Because of his political convictions, he then settled in the German Democratic Republic (GDR). In 1954 he received a chair for pharmacology at the Berlin Humboldt University and two years later he was co-founder of the department for biochemistry of the heart in Berlin-Buch , which he headed from 1962. From this, the Institute for Circulatory Research of the German Academy of Sciences in Berlin emerged in 1965 , of which he was director from its foundation until 1972. In the same year, the institute and the institute for cortico-visceral pathology and therapy became the central institute for cardiovascular research , at which he was head of the "Molecular and Cellular Cardiology" department until his retirement in 1978. In 1968 he founded with other scientists, the professional society International Society of Heart Research (International Society for Heart Research), which he was President from 1973 to 1976, and a year later the journal Journal of Molecular and Cellular Cardiology . He remained scientifically active until the end of the 1980s and died in Berlin in September 2000.

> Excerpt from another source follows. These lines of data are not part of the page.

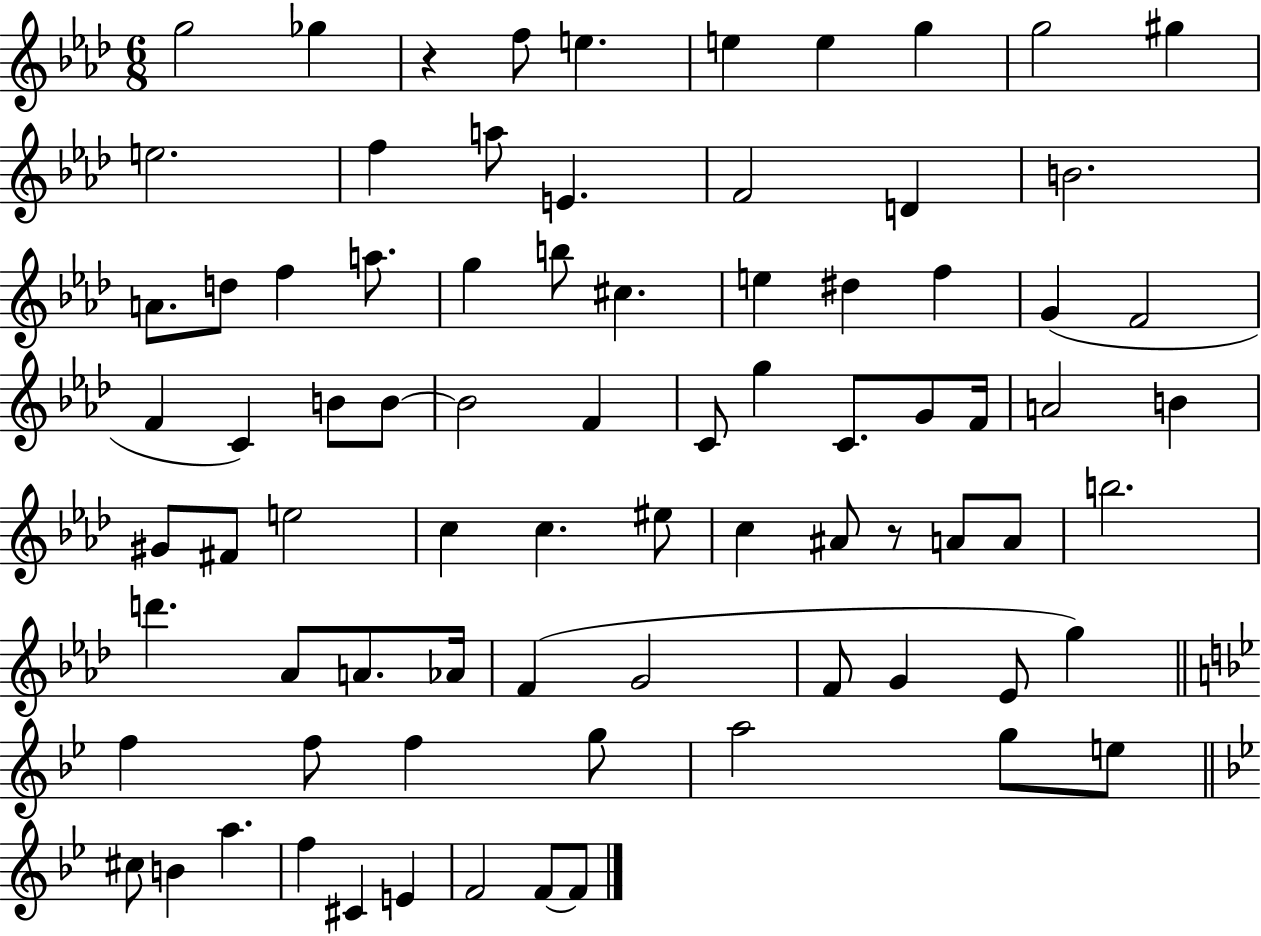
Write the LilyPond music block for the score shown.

{
  \clef treble
  \numericTimeSignature
  \time 6/8
  \key aes \major
  g''2 ges''4 | r4 f''8 e''4. | e''4 e''4 g''4 | g''2 gis''4 | \break e''2. | f''4 a''8 e'4. | f'2 d'4 | b'2. | \break a'8. d''8 f''4 a''8. | g''4 b''8 cis''4. | e''4 dis''4 f''4 | g'4( f'2 | \break f'4 c'4) b'8 b'8~~ | b'2 f'4 | c'8 g''4 c'8. g'8 f'16 | a'2 b'4 | \break gis'8 fis'8 e''2 | c''4 c''4. eis''8 | c''4 ais'8 r8 a'8 a'8 | b''2. | \break d'''4. aes'8 a'8. aes'16 | f'4( g'2 | f'8 g'4 ees'8 g''4) | \bar "||" \break \key g \minor f''4 f''8 f''4 g''8 | a''2 g''8 e''8 | \bar "||" \break \key g \minor cis''8 b'4 a''4. | f''4 cis'4 e'4 | f'2 f'8~~ f'8 | \bar "|."
} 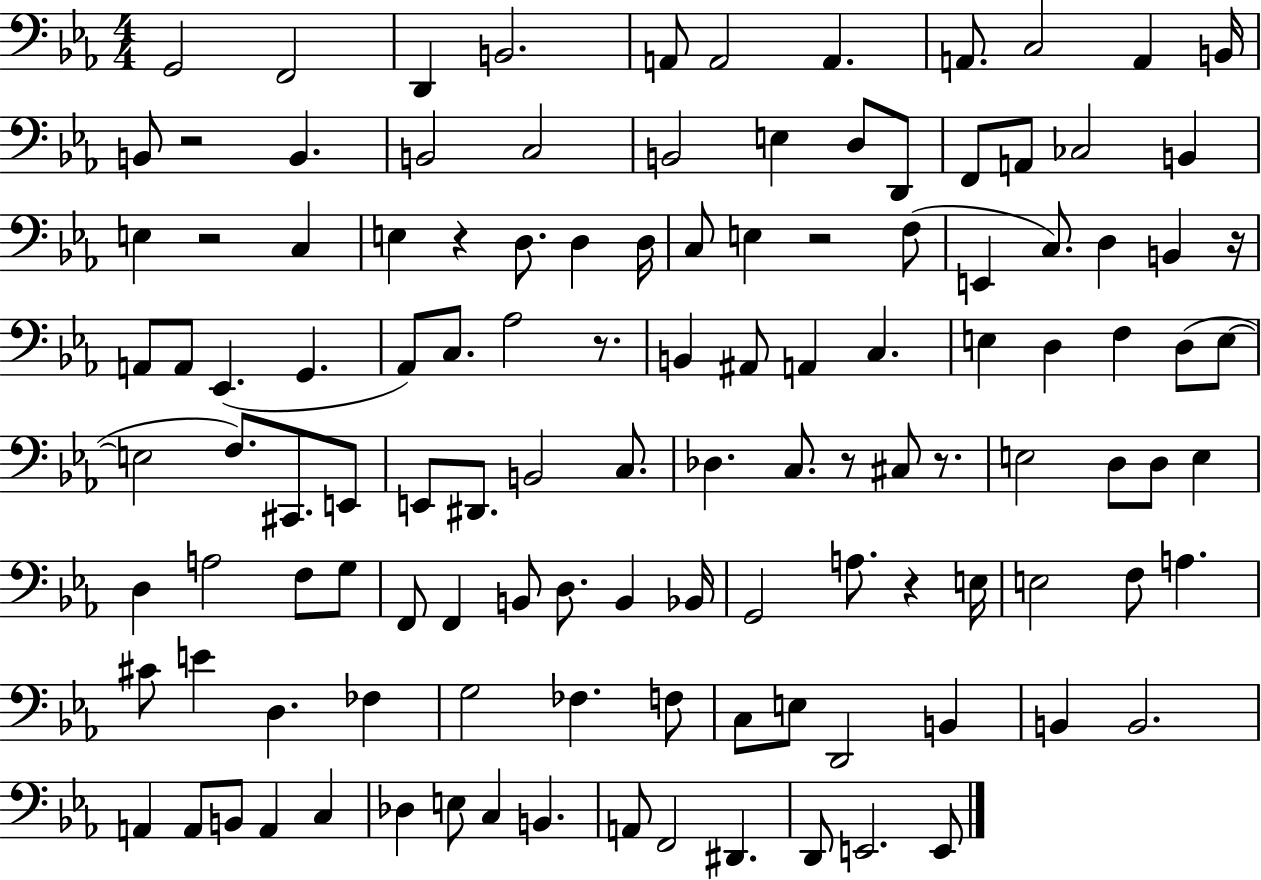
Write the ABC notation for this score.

X:1
T:Untitled
M:4/4
L:1/4
K:Eb
G,,2 F,,2 D,, B,,2 A,,/2 A,,2 A,, A,,/2 C,2 A,, B,,/4 B,,/2 z2 B,, B,,2 C,2 B,,2 E, D,/2 D,,/2 F,,/2 A,,/2 _C,2 B,, E, z2 C, E, z D,/2 D, D,/4 C,/2 E, z2 F,/2 E,, C,/2 D, B,, z/4 A,,/2 A,,/2 _E,, G,, _A,,/2 C,/2 _A,2 z/2 B,, ^A,,/2 A,, C, E, D, F, D,/2 E,/2 E,2 F,/2 ^C,,/2 E,,/2 E,,/2 ^D,,/2 B,,2 C,/2 _D, C,/2 z/2 ^C,/2 z/2 E,2 D,/2 D,/2 E, D, A,2 F,/2 G,/2 F,,/2 F,, B,,/2 D,/2 B,, _B,,/4 G,,2 A,/2 z E,/4 E,2 F,/2 A, ^C/2 E D, _F, G,2 _F, F,/2 C,/2 E,/2 D,,2 B,, B,, B,,2 A,, A,,/2 B,,/2 A,, C, _D, E,/2 C, B,, A,,/2 F,,2 ^D,, D,,/2 E,,2 E,,/2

His son Knud Wollenberger , born in 1952 in Denmark , his wife's homeland, was married to Vera Lengsfeld from 1981 , who was one of the best-known representatives of the GDR opposition .

Scientific work

Albert Wollenberger's research activities focused on the regulation of cardiac function and the fundamentals of cardiac ischemia and cardiac hypertrophy . In the course of his career he published over 400 scientific papers and books. One of his best-known contributions is a method for the cryofixing of tissue on the beating heart, published in 1960, which is a routine method in cardiological research that is widespread worldwide under the name "Wollenberger clamp" . This publication is one of the few works by scientists from the GDR that has been frequently cited internationally. In addition, in 1987 he and his working group described autoantibodies against β 1 -adrenoceptors in patients with dilative cardiomyopathy and in 1989 a blood test for the early detection of a heart attack .

Awards

Albert Wollenberger was a corresponding member of the GDR Academy of Sciences from 1972 and a full member from 1978, and in 1974 he was admitted to the German Academy of Sciences Leopoldina . In 1964 he received the National Prize of the GDR , in 1972 the Patriotic Order of Merit in silver and in 1982 in gold.

Works (selection)

  • Albert Wollenberger, Otto Ristau, Georg Schoffa: A simple technique for extremely fast cooling of larger pieces of tissue. In: Pflüger's archive. 270/1960. Pp. 399-412
  • Cyclic Nucleotides and Protein Phosphorylation in Cell Regulation. Oxford and New York 1979 (as co-editor)
  • The neural and hormonal regulation of the heart: biochemical mechanisms. Berlin 1982
  • Cellular and Molecular Aspects of the Regulation of the Heart. Berlin 1984 (as co-editor)

literature

  • Wollenberger, Albert . In: Werner Hartkopf:The Berlin Academy of Sciences. Its members and award winners 1700–1990. Akademie Verlag, Berlin 1992,ISBN 3-05-002153-5, p. 399.
  • Ernst-Georg Krause, Wolfgang Schulze, Gerd Wallukat: In Memoriam Albert Wollenberger. In: Journal of Molecular and Cellular Cardiology. 33/2001. Elsevier, pp. 1/2, ISSN  0022-2828
  • Ernst-Georg Krause: Obituary for Prof. Dr. Albert Wollenberger. In: Journal of Cardiology . 89/2000. Steinkopff-Verlag, p. 1153/1154, ISSN  0300-5860

Web links

Individual evidence

  1. ^ Eugene Garfield : This Week's Citation Classic . In: Current Contents . No. 31 , 1979, pp. 221 ( online [PDF; accessed October 18, 2017]).